Task brief:
From the records below, please repeat exactly the line that has "Cover of Adventure", the line that has "ザシーサンゴとヒトデの下 ラッピングペーパーシート (正面2)", and every line between them, and nothing else.

─── Data supplied ───

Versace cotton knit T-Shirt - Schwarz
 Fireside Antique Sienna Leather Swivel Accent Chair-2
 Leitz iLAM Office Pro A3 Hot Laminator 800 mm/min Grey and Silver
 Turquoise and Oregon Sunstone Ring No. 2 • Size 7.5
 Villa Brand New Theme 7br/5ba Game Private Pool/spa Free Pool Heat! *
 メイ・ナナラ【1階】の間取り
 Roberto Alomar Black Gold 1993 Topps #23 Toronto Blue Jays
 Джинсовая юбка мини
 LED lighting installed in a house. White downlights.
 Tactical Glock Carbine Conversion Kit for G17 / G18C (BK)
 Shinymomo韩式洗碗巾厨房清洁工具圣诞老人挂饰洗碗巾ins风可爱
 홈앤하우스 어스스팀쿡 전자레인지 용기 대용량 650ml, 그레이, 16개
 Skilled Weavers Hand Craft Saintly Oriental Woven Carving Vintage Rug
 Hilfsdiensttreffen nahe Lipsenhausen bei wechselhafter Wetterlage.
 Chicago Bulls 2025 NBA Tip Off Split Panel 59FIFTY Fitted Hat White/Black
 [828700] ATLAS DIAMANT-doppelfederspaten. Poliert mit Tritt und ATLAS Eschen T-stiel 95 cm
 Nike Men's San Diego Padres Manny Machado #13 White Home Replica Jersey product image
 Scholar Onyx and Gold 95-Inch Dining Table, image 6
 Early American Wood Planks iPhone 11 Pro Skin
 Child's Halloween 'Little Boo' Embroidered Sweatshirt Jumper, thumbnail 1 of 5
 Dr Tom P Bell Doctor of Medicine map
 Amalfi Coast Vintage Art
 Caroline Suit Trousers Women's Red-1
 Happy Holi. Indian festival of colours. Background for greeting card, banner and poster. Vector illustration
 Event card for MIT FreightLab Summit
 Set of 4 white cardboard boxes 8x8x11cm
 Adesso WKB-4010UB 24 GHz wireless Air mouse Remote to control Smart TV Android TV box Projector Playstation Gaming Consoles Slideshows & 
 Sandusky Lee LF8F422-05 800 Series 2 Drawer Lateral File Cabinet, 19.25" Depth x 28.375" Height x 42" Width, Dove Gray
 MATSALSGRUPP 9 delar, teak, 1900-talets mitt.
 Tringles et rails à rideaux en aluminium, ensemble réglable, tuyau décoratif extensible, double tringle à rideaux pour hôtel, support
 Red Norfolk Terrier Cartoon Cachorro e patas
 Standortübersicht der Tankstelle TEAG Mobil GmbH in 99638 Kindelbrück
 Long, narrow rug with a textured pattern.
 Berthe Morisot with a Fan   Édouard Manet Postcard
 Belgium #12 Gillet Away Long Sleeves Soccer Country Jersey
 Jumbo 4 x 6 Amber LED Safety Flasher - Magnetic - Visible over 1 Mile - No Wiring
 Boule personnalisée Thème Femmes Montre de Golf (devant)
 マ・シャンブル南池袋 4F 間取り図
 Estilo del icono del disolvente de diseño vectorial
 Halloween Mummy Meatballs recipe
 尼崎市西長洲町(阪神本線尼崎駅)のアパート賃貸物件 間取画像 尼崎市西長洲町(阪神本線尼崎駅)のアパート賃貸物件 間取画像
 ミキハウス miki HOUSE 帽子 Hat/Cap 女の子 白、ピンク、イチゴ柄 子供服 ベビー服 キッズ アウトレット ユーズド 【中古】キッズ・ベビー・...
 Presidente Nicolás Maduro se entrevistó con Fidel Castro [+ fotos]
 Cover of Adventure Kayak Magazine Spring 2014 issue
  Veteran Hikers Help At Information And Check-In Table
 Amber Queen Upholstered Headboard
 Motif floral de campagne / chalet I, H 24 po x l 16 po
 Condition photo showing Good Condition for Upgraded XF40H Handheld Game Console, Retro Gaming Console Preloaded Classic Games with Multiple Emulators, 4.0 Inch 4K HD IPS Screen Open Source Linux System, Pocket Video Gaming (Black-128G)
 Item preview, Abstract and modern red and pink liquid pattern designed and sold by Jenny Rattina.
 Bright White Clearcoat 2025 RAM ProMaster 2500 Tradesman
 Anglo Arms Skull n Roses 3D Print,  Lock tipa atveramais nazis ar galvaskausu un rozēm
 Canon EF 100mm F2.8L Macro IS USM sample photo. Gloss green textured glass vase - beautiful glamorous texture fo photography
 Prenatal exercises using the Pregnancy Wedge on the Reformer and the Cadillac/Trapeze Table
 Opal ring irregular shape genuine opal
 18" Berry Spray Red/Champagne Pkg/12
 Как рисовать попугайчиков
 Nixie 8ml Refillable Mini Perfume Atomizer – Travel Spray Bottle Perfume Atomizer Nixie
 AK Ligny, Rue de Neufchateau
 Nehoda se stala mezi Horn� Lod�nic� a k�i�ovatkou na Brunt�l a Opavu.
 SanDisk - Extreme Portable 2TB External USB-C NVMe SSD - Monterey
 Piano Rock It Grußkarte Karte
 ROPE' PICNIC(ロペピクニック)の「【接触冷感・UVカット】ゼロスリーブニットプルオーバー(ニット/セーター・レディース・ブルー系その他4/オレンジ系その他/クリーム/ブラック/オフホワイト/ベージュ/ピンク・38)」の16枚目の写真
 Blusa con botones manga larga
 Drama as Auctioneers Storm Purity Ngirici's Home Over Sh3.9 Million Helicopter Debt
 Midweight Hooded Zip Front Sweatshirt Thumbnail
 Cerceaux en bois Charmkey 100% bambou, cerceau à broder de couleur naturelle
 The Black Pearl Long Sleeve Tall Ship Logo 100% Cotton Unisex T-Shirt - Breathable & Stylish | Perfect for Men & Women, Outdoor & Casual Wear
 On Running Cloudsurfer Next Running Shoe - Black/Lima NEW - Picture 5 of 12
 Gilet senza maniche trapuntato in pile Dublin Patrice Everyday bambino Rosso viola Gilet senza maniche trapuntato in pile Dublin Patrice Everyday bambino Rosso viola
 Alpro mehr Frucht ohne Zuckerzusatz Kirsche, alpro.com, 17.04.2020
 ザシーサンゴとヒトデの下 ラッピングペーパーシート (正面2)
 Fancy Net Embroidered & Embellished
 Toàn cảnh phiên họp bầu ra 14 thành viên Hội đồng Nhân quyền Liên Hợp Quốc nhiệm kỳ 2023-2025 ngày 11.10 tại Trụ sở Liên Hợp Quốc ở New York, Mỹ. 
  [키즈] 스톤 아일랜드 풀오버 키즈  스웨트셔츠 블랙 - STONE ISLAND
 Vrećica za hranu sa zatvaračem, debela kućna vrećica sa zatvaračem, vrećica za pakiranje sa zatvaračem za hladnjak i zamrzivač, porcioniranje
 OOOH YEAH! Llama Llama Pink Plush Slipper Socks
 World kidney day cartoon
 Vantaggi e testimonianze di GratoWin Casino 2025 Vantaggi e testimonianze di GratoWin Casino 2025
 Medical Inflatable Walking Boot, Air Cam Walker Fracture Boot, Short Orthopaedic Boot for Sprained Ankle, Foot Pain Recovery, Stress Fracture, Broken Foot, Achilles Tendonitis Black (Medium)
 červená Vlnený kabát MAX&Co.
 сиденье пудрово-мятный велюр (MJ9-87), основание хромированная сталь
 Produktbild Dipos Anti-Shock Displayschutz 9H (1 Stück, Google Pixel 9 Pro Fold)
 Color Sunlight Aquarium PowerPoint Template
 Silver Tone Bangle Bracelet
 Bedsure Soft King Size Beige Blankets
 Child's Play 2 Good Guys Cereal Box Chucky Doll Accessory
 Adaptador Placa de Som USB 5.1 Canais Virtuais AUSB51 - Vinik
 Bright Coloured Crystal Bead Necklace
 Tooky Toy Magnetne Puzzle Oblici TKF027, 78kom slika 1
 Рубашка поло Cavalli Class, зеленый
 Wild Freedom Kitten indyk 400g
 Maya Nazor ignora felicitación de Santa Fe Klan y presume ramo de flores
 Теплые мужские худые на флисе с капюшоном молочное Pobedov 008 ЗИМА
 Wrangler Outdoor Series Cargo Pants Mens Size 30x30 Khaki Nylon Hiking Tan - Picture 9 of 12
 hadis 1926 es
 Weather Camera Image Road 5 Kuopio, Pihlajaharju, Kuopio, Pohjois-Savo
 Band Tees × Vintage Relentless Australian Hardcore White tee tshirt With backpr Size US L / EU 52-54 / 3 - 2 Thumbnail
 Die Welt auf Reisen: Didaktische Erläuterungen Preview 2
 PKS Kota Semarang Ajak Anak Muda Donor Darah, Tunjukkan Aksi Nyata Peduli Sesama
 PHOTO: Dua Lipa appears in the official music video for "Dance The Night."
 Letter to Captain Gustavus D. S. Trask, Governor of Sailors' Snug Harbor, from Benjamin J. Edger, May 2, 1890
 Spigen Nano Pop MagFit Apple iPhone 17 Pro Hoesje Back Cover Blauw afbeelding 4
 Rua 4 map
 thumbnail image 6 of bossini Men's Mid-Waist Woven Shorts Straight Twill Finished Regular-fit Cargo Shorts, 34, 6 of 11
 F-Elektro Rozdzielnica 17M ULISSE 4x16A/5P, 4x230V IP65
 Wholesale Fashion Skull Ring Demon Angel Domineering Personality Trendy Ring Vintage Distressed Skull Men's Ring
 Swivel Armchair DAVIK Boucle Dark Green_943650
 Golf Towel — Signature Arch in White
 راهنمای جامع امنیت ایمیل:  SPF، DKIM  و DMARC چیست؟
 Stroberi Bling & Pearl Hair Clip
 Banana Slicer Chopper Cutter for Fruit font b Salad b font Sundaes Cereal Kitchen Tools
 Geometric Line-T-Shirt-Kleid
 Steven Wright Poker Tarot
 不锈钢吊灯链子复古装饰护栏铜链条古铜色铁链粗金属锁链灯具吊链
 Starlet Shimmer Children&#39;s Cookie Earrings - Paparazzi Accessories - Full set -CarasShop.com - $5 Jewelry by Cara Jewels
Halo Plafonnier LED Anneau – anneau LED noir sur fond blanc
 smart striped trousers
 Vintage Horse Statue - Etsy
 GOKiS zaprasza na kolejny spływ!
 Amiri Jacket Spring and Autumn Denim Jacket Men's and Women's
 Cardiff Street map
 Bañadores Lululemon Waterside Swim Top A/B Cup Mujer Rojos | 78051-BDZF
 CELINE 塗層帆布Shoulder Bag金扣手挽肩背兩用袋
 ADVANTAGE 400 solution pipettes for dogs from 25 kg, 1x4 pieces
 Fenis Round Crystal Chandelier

───

Solved problem:
 Cover of Adventure Kayak Magazine Spring 2014 issue
  Veteran Hikers Help At Information And Check-In Table
 Amber Queen Upholstered Headboard
 Motif floral de campagne / chalet I, H 24 po x l 16 po
 Condition photo showing Good Condition for Upgraded XF40H Handheld Game Console, Retro Gaming Console Preloaded Classic Games with Multiple Emulators, 4.0 Inch 4K HD IPS Screen Open Source Linux System, Pocket Video Gaming (Black-128G)
 Item preview, Abstract and modern red and pink liquid pattern designed and sold by Jenny Rattina.
 Bright White Clearcoat 2025 RAM ProMaster 2500 Tradesman
 Anglo Arms Skull n Roses 3D Print,  Lock tipa atveramais nazis ar galvaskausu un rozēm
 Canon EF 100mm F2.8L Macro IS USM sample photo. Gloss green textured glass vase - beautiful glamorous texture fo photography
 Prenatal exercises using the Pregnancy Wedge on the Reformer and the Cadillac/Trapeze Table
 Opal ring irregular shape genuine opal
 18" Berry Spray Red/Champagne Pkg/12
 Как рисовать попугайчиков
 Nixie 8ml Refillable Mini Perfume Atomizer – Travel Spray Bottle Perfume Atomizer Nixie
 AK Ligny, Rue de Neufchateau
 Nehoda se stala mezi Horn� Lod�nic� a k�i�ovatkou na Brunt�l a Opavu.
 SanDisk - Extreme Portable 2TB External USB-C NVMe SSD - Monterey
 Piano Rock It Grußkarte Karte
 ROPE' PICNIC(ロペピクニック)の「【接触冷感・UVカット】ゼロスリーブニットプルオーバー(ニット/セーター・レディース・ブルー系その他4/オレンジ系その他/クリーム/ブラック/オフホワイト/ベージュ/ピンク・38)」の16枚目の写真
 Blusa con botones manga larga
 Drama as Auctioneers Storm Purity Ngirici's Home Over Sh3.9 Million Helicopter Debt
 Midweight Hooded Zip Front Sweatshirt Thumbnail
 Cerceaux en bois Charmkey 100% bambou, cerceau à broder de couleur naturelle
 The Black Pearl Long Sleeve Tall Ship Logo 100% Cotton Unisex T-Shirt - Breathable & Stylish | Perfect for Men & Women, Outdoor & Casual Wear
 On Running Cloudsurfer Next Running Shoe - Black/Lima NEW - Picture 5 of 12
 Gilet senza maniche trapuntato in pile Dublin Patrice Everyday bambino Rosso viola Gilet senza maniche trapuntato in pile Dublin Patrice Everyday bambino Rosso viola
 Alpro mehr Frucht ohne Zuckerzusatz Kirsche, alpro.com, 17.04.2020
 ザシーサンゴとヒトデの下 ラッピングペーパーシート (正面2)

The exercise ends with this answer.